Every now and then,
usually after a bottle of wine, my girlfriend asks me if I can explain her ‘computer things’. She (B.A. in Art History) then rambles on talks with passion about how she believes that the IT-world could make a huge difference in the art world and the research that goes with it.
When I was working on my previous blog post about the language model from OpenAI called GPT-2, I got the ‘computer things’-question again. So I
tried to explain explained her how the language model works, which made her wonder if it was possible to combine the ‘GTP-thing’ and something ‘artsy’. She talked about recognizable and unrecognizable patterns and how in art, too, were patterns to be found. Although I always listen to what she has to say, I cannot reproduce any of the two hundred examples she mentioned.
So here we are: in this blog post we’ll try to write haiku poems using the GPT-2 language model.
What is a haiku poem?
For those who don’t know what a haiku is: it is a Japanese form of poetry. For some reason they teach about it in Dutch elementary school (from my N=2 survey among friends). There are a couple of rules, although they are not strictly enforced as they do not translate to English very well.
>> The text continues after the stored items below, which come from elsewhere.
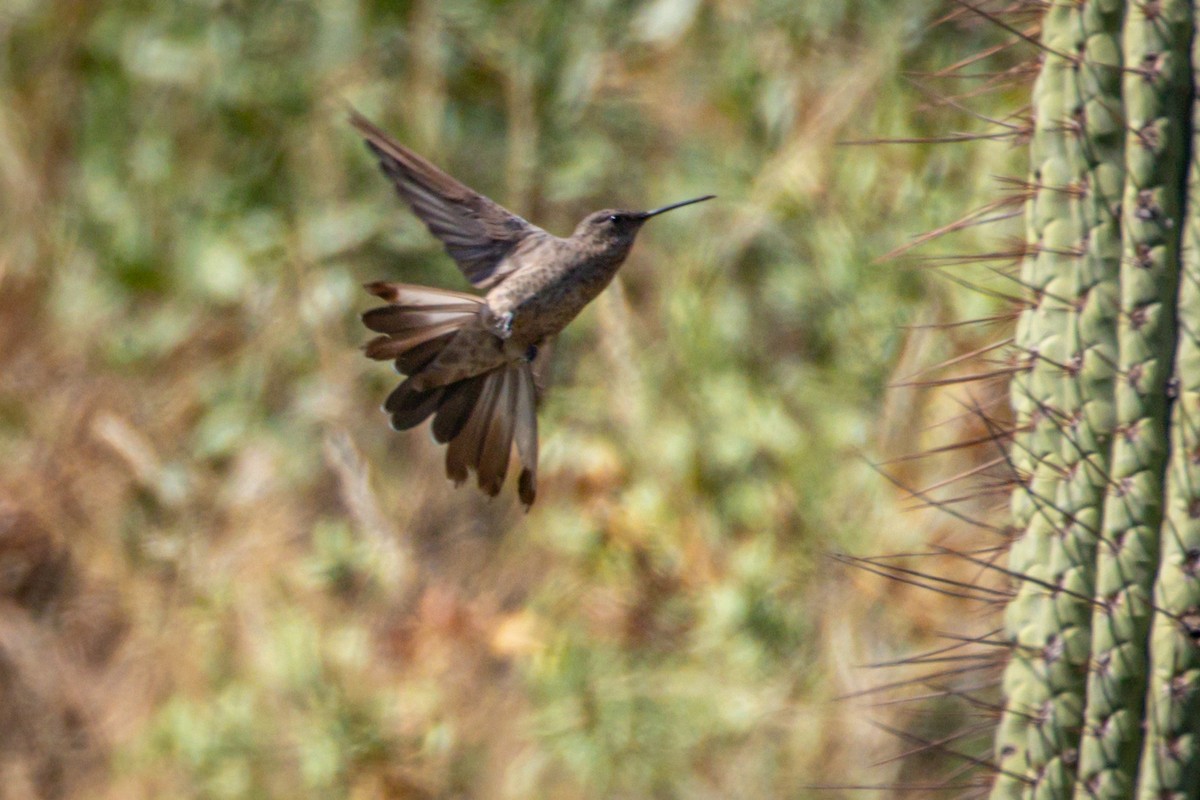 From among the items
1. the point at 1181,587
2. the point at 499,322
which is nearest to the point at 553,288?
the point at 499,322

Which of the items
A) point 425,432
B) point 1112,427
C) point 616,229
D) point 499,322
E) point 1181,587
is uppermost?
point 425,432

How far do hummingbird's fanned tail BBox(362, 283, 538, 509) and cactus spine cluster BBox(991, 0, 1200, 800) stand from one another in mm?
713

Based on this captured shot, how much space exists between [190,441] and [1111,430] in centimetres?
346

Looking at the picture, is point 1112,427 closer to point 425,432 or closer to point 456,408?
point 456,408

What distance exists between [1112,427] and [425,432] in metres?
2.87

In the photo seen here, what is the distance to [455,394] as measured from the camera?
223cm

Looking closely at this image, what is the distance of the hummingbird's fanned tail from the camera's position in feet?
6.89

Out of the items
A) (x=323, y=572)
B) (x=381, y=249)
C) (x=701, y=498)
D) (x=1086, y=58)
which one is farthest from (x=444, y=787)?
(x=1086, y=58)

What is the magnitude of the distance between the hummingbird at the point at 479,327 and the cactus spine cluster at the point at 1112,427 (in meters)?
0.60

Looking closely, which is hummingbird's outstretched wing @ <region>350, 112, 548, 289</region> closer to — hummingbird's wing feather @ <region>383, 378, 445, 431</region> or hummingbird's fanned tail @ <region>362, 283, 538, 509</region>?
hummingbird's fanned tail @ <region>362, 283, 538, 509</region>

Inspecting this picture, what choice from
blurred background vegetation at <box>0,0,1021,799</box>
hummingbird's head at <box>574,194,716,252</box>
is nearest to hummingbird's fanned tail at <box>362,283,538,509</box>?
hummingbird's head at <box>574,194,716,252</box>

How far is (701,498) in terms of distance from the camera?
164 inches

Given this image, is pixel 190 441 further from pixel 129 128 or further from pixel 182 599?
pixel 129 128

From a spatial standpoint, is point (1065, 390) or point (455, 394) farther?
point (455, 394) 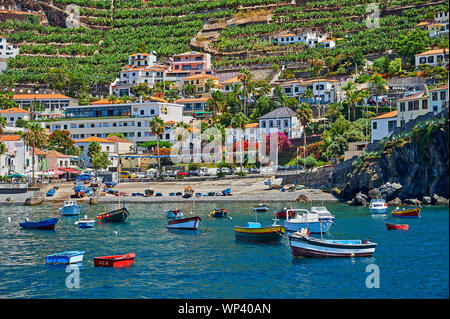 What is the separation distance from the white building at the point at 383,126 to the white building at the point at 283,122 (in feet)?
84.3

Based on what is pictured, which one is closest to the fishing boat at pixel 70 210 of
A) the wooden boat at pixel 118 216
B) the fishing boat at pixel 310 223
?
the wooden boat at pixel 118 216

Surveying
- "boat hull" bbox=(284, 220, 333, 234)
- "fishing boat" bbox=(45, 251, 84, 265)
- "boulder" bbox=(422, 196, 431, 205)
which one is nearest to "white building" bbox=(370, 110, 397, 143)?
"boulder" bbox=(422, 196, 431, 205)

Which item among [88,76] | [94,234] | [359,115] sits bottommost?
[94,234]

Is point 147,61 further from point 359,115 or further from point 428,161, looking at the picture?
point 428,161

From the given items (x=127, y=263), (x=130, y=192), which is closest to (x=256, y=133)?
(x=130, y=192)

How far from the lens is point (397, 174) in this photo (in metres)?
83.2

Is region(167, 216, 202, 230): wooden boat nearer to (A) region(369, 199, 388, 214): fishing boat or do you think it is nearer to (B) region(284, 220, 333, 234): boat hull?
(B) region(284, 220, 333, 234): boat hull

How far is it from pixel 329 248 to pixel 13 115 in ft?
398

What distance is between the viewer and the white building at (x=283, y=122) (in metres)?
121

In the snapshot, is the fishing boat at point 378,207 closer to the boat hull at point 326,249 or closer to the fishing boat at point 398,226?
the fishing boat at point 398,226

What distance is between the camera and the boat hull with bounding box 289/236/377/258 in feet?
144

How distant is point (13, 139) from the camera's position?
389 ft

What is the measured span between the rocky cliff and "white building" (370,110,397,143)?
23.6ft

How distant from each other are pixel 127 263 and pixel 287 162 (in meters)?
73.6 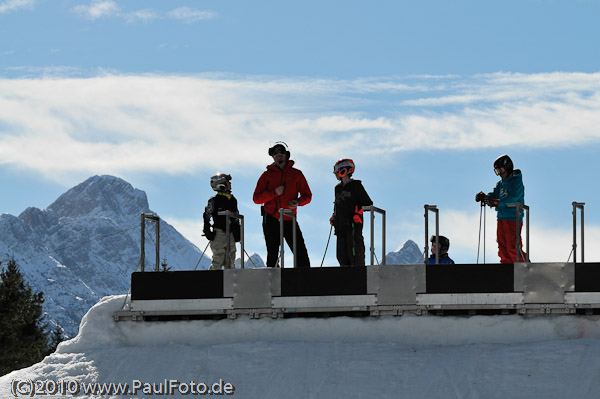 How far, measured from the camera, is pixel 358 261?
16375mm

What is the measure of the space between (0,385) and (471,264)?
7.00 metres

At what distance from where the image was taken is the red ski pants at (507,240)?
53.7ft

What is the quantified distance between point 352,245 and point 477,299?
2.20m

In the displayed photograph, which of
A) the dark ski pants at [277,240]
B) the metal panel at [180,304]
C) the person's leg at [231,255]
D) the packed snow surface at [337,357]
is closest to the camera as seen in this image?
the packed snow surface at [337,357]

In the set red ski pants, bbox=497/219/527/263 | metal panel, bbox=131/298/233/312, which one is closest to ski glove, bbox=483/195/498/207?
red ski pants, bbox=497/219/527/263

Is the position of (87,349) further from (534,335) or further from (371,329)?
(534,335)

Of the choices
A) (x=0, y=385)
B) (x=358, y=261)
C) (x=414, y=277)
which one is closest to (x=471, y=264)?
(x=414, y=277)

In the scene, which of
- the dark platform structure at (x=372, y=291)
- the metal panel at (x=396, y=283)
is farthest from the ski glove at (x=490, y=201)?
the metal panel at (x=396, y=283)

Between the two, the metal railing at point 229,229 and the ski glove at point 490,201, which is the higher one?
the ski glove at point 490,201

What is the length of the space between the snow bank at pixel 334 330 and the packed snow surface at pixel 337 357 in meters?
0.01

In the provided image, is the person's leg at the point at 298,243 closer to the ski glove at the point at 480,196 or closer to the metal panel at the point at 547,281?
the ski glove at the point at 480,196

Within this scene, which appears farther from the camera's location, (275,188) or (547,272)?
(275,188)

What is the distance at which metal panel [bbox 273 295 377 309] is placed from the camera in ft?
50.7

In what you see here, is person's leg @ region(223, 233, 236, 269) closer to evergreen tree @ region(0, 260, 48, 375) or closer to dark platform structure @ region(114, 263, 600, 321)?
dark platform structure @ region(114, 263, 600, 321)
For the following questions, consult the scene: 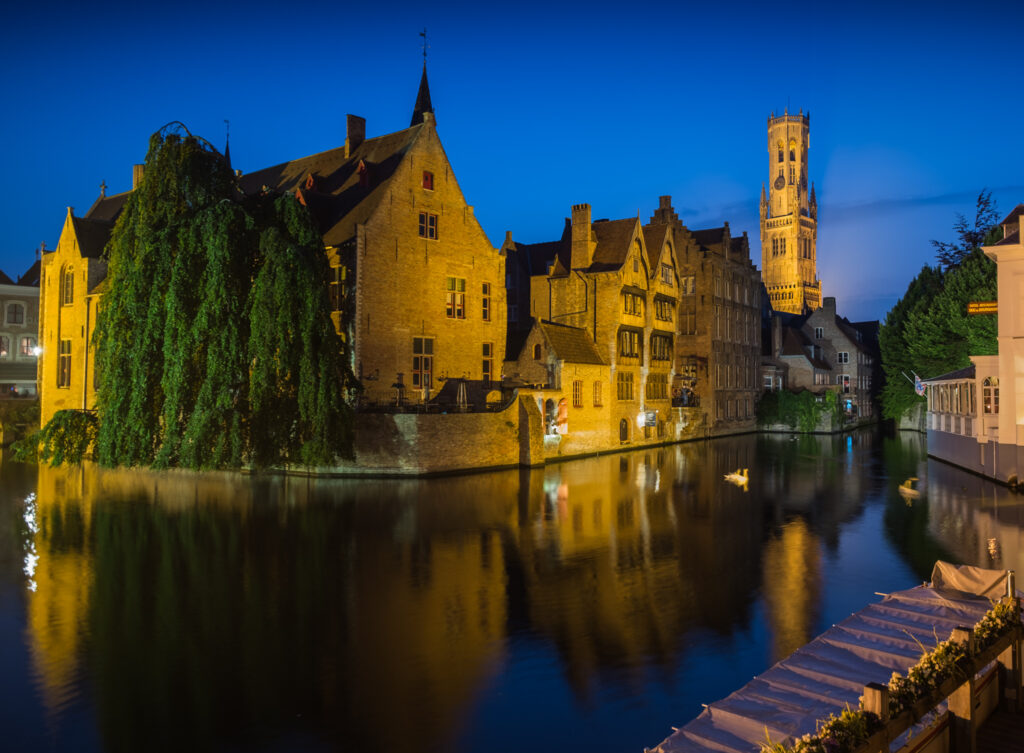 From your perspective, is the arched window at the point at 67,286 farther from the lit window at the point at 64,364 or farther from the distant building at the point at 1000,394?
the distant building at the point at 1000,394

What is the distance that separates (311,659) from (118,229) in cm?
2512

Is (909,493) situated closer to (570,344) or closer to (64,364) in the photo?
(570,344)

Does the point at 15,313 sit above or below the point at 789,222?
below

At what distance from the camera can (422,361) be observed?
38719 millimetres

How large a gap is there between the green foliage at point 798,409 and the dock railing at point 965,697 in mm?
64055

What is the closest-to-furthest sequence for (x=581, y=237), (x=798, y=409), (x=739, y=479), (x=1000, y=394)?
1. (x=1000, y=394)
2. (x=739, y=479)
3. (x=581, y=237)
4. (x=798, y=409)

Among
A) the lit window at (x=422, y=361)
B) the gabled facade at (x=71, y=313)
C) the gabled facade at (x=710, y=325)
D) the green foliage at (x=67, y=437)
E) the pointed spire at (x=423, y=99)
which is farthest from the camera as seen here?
the gabled facade at (x=710, y=325)

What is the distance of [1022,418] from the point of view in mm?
29859

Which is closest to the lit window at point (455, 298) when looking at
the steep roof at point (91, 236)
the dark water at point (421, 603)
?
the dark water at point (421, 603)

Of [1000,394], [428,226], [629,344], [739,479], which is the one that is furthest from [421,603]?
[629,344]

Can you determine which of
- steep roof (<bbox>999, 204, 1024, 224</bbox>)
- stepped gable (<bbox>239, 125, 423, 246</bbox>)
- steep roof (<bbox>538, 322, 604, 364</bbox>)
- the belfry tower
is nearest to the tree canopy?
steep roof (<bbox>999, 204, 1024, 224</bbox>)

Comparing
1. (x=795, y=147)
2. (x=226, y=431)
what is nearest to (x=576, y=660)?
(x=226, y=431)

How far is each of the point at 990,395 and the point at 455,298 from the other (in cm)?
2693

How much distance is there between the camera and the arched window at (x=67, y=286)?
45875mm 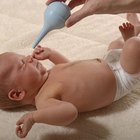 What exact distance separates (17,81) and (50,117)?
0.65ft

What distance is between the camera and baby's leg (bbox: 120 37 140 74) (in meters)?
1.11

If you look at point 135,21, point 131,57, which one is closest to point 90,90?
point 131,57

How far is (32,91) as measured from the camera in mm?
1169

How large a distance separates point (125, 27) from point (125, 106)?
0.98 ft

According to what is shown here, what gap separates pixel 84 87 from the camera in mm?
1117

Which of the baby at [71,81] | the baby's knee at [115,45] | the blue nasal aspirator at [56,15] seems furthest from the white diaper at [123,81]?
the blue nasal aspirator at [56,15]

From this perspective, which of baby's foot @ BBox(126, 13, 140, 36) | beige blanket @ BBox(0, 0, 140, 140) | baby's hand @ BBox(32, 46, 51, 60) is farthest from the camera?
baby's foot @ BBox(126, 13, 140, 36)

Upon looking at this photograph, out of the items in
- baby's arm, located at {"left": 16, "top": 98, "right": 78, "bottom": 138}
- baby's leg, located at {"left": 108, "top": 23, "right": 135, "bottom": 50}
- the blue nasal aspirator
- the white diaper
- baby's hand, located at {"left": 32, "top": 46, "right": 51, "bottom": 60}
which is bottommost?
the white diaper

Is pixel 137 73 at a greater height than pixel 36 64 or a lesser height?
lesser

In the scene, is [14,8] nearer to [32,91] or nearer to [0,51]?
[0,51]

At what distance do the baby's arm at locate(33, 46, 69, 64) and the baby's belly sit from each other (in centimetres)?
15

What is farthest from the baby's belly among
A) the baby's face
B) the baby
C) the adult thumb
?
the adult thumb

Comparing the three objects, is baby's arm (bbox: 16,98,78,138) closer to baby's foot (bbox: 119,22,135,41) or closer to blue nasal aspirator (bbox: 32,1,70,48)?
blue nasal aspirator (bbox: 32,1,70,48)

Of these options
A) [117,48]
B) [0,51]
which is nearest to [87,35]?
[117,48] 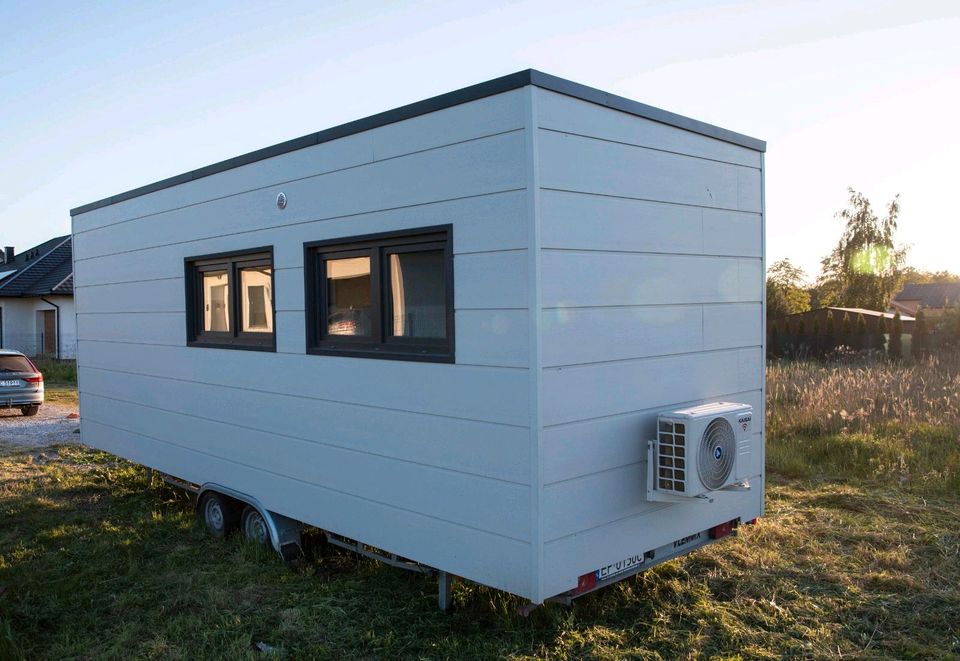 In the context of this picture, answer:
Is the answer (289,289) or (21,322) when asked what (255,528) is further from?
(21,322)

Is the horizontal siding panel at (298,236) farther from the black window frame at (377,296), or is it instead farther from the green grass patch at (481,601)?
the green grass patch at (481,601)

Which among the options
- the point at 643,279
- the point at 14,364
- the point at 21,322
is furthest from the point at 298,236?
the point at 21,322

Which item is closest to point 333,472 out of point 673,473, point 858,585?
point 673,473

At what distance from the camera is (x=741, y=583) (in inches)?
183

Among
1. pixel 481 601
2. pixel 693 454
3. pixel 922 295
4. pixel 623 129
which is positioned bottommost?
pixel 481 601

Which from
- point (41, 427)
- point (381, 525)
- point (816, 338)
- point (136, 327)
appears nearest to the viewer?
point (381, 525)

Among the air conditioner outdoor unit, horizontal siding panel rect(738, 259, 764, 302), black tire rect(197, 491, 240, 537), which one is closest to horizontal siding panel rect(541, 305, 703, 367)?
the air conditioner outdoor unit

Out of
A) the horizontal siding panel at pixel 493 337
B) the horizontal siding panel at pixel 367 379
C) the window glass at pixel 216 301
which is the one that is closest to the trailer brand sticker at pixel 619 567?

Features of haiku by Literary Devices
- It contains three lines.
- It has five moras (syllables) in the first line, seven in the second, and five in the last line.
- It contains 17 syllables in total.
- A Haiku poem does not rhyme.
- Haiku poems frequently have a kigo, or seasonal reference.
- Haiku poems are usually about nature or natural phenomena.
- The poem has two juxtaposed subjects that are divided into two contrasting parts.
- In English, this division between two parts can be shown by a colon or a dash.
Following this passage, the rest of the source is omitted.